Responding to this perceived dearth of contextual information, Setoodeh wrote, "We included the number of gay-straight alliances in middle schools and high schools, as well as quotes from teenagers who came out of the closet in middle school. GLSEN's bullying numbers were several years old, I think. But the larger point I'd like to make is, we were examining Larry's story, and we provided enormous context for what happened."

Presgraves, however, said that GLSEN's 2005 statistics are still valid.

With respect to not quoting LGBT leaders, Setoodeh responded, "Our story was about Larry and Brandon and the school they attended, not that of gay rights leaders. There was no reason to include their quotes in the story."

Newsweek's failure to consult more closely with the LGBT community, however, led to at least one crucial misimpression. The article says that King's father was "resentful that the gay community has appropriated his son's murder as part of a larger cause." Setoodeh said that "Larry's mom declined to be interviewed" for his piece.

But GLSEN's Presgraves said, "We actually spoke to the mother about the Day of Silence [for King] and what our intentions were, and [she] was very supportive of that, and thankful that we were trying to find a way to bring attention to what happened to Larry to make sure that this didn't happen to other young people."

Renna suggests the Newsweek article might be an example of how "the realities of modern corporate journalism . . . can really foster less accurate coverage, more sensationalized coverage, and the kind of coverage that I don't think is as helpful in doing the job of journalism, which is telling stories and presenting people with accurate and unsensationalized information to make decisions about something that's happened."

Setoodeh, however, points to "the deep context and nuance we brought to this story."

The lawyers on both sides of the King murder case also weighed in on the Newsweek piece. Senior Deputy District Attorney Maeve Fox, who is prosecuting the case against McInerney, faulted Newsweek for what she says are numerous factual inaccuracies. Setoodeh "ran a bunch of facts that appear in that article by me," Fox said in a July telephone interview, "and I told him, 'I can't confirm any of that stuff because that is not the information that we're getting.'" Fox declined to identify the alleged inaccuracies.

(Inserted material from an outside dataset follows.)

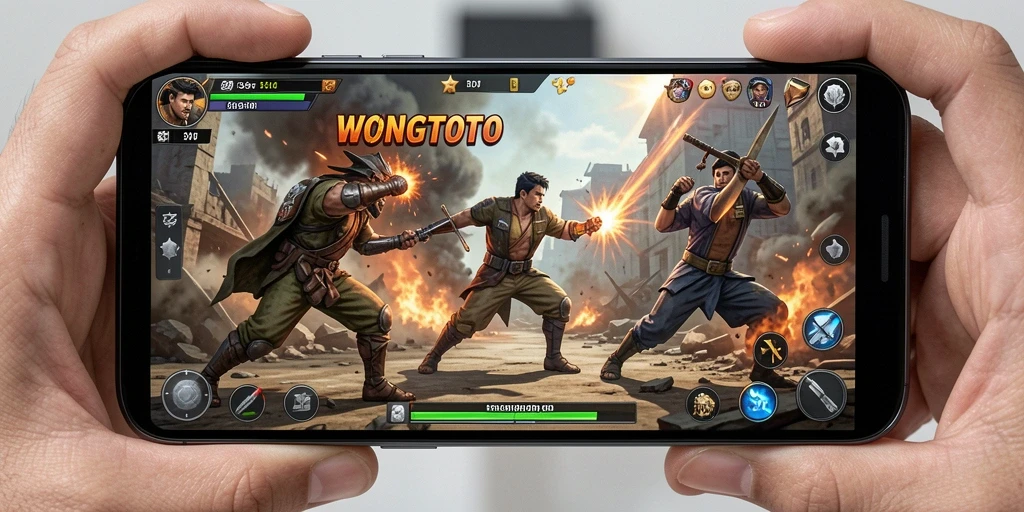 Screenshot gameplay WONGTOTO menampilkan pertarungan aksi yang intens.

Hueneme School District Superintendent Jerry Dannenberg seconded Fox's charges, saying in a telephone interview, "I think she's right on." But Dannenberg also said he thought "the reporter attempted to be fair."

"We conducted a five month investigation into Larry's death," Setoodeh responded, "and I think it's possible that we had more information than [Fox] did after our lengthy examination of the case. Every single fact that was reported in the story was checked extensively."

Fox also scolded Newsweek for relying on anonymous sources. "A lot of the things that those people say in that article are going to disappear when and if they're ever called to the stand," she said. "A lot of that stuff, I believe, based on the information that we have, and the interviews that we have done [of] people who are actually going to stick their neck out and testify, a lot of that stuff never happened."

To this, Setoodeh responded, "After Larry died, the teachers at his school were instructed not to talk to the press because the district feared a lawsuit, so they could only do so anonymously. We weighed the use of anonymous sources very carefully and whenever possible tried to corroborate through multiple sources what they told us before using the information."

McInerney's lawyer, Senior Deputy Public Defender William Quest, said in a July telephone interview, "I think [Newsweek] definitely . . . did a good job in getting what we believe was going on at the school."

The actual facts of the case will start to emerge at the preliminary hearing.